Suppose in this case, we are trying to predict what rating Toby would give to "The Night Listener". The first step will be to identify how similar Toby is to all other users.

### Estimating similarities

There are many ways of calculating similarities between the users.
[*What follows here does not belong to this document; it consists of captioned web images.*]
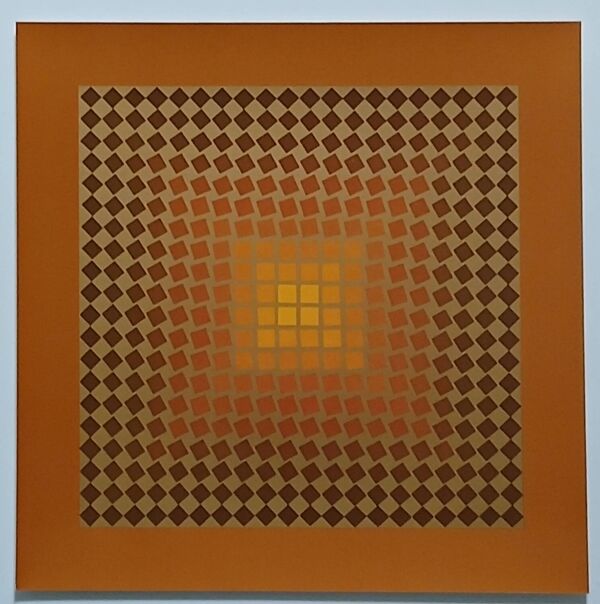 ​rare portfolio complet victor vasarely - ''cta 102'' - édition luxe ar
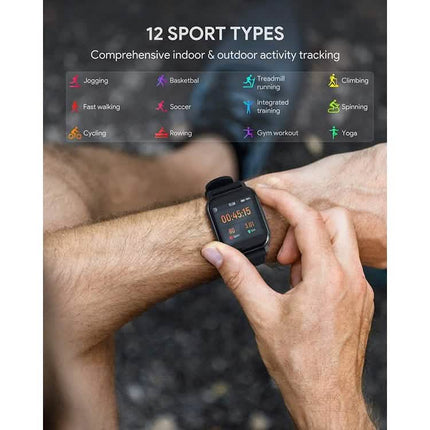AUKEY Smartwatch Fitness Tracker 12 Activity Modes IPX6 Waterproof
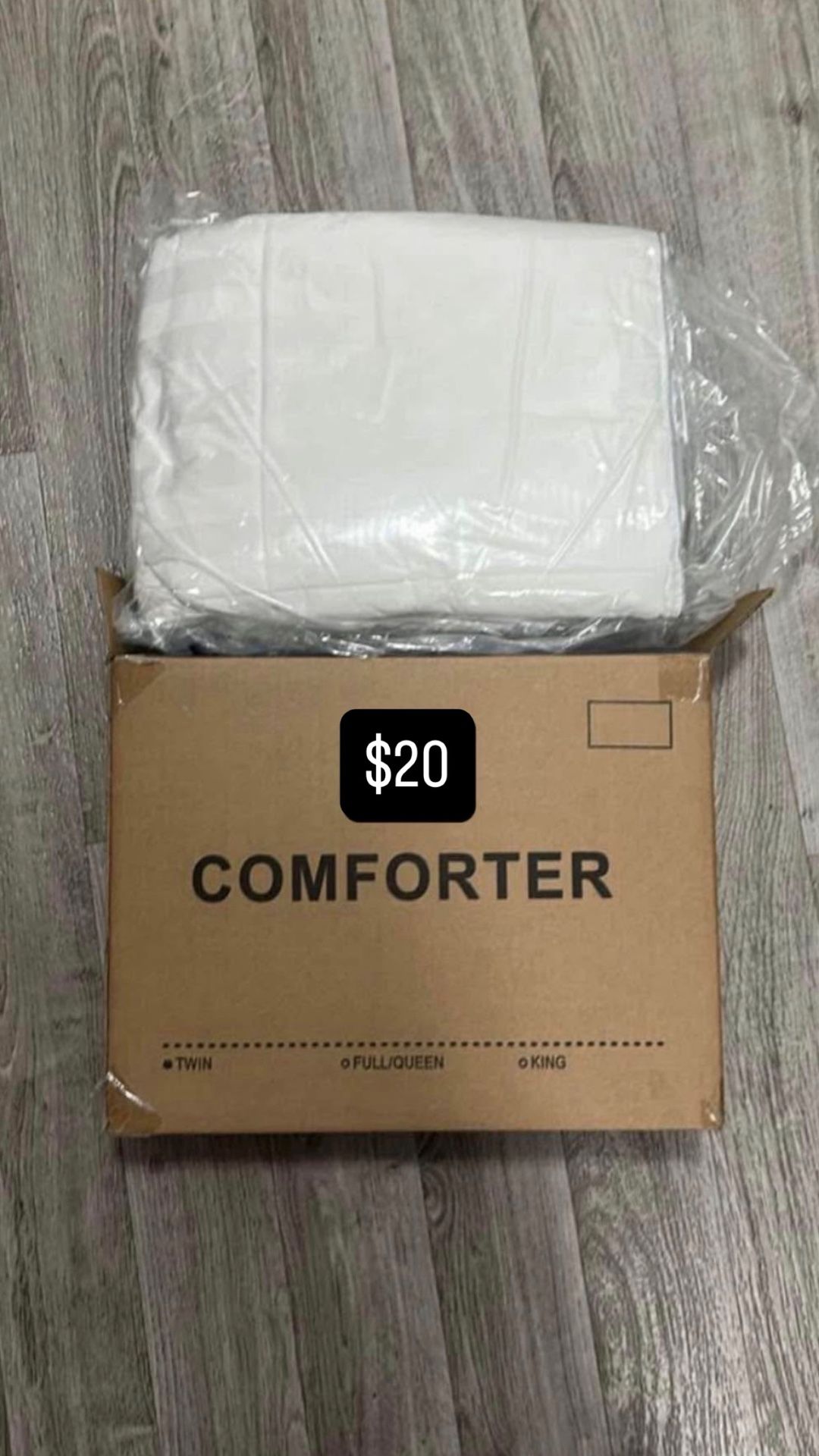 White Comforter Size Twin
We will focus on the following measures in this notebook:
- Pearson correlation
- Cosine similarity
- Euclidean distance

In the case of the above user-item matrix, similarities will be calculated for all row vectors against Toby's row vector.

In [3]:
def calculate_pearson_correlation(matrix: pd.DataFrame, user: str) -> dict:
    remaining_user_list = list(matrix.index)
    remaining_user_list.remove(user)

    user_corr = {}

    for u in remaining_user_list:
        target_user_vector = matrix.loc[user].to_numpy()
        user_vector = matrix.loc[u].to_numpy()
        bad = ~np.logical_or(np.isnan(target_user_vector), np.isnan(user_vector))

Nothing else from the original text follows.